[[ Source data, beginning ]]
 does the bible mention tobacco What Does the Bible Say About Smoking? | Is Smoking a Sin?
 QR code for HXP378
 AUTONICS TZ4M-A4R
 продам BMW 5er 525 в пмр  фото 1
[[ Source data, end ]]
> [Description of the task]
Would you write the material out again, exactly as given above?

> [Task output]
 does the bible mention tobacco What Does the Bible Say About Smoking? | Is Smoking a Sin?
 QR code for HXP378
 AUTONICS TZ4M-A4R
 продам BMW 5er 525 в пмр  фото 1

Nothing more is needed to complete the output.